Underwriting With the Bank
Once your complete loan application is submitted, the next step is underwriting. During underwriting the lender reviews the information in your application, pulls your credit, and determines your strength as a borrower by analyzing the likely risks and benefits of lending you money. If you’re working with a preferred lender, the bank has someone internally review and potentially approve the loan. If working with a bank not on the preferred lender list, once the application passed through internal underwriting, the information will also be sent to the SBA for additional review.
It’s important to note that the underwriting process is not a speedy one. The minimum amount of time for a lender to review your application is 60 to 90 days. This timeline can also be extended if the lender asks you for additional information, which is not uncommon. Third party packagers function as a liaison during this process to keep things moving forward.

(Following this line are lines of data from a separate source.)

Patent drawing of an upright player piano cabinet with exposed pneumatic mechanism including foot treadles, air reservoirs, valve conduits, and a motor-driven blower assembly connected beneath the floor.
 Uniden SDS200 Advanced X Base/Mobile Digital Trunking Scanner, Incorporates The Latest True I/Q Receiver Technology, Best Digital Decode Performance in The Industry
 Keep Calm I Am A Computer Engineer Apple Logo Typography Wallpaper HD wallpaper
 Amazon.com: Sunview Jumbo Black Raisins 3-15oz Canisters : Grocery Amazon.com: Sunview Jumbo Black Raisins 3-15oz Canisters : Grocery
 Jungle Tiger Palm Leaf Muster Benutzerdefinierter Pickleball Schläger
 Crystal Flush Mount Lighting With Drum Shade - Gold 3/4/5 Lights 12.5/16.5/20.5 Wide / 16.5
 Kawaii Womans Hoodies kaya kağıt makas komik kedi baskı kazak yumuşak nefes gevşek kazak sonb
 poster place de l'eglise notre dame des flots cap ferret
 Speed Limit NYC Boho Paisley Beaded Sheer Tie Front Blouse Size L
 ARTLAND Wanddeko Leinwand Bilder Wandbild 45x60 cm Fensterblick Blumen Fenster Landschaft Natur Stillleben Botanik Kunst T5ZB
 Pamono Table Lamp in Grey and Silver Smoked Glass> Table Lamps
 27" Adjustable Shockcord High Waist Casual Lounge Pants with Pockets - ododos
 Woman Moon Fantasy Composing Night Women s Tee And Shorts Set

If your loan is approved in the underwriting process (yay!), the next step is closing. Closing is a process all its own and adds another 90 days to the overall timeline, but is the final step in SBA funding. Here’s a checklist of common items that need to be provided to a lender during closing:
- Proof of down payment funds.
- Entity documentation.
- Franchisor agreement (if applicable).
- Lease or property ownership information.
- Business insurance.
- Contractor contact information.
There’s a lot going on during throughout the SBA lending process, especially when you’re also working to start your business. The keys to success are understating each step, finding a lender who meets your needs and staying organized from start to finish.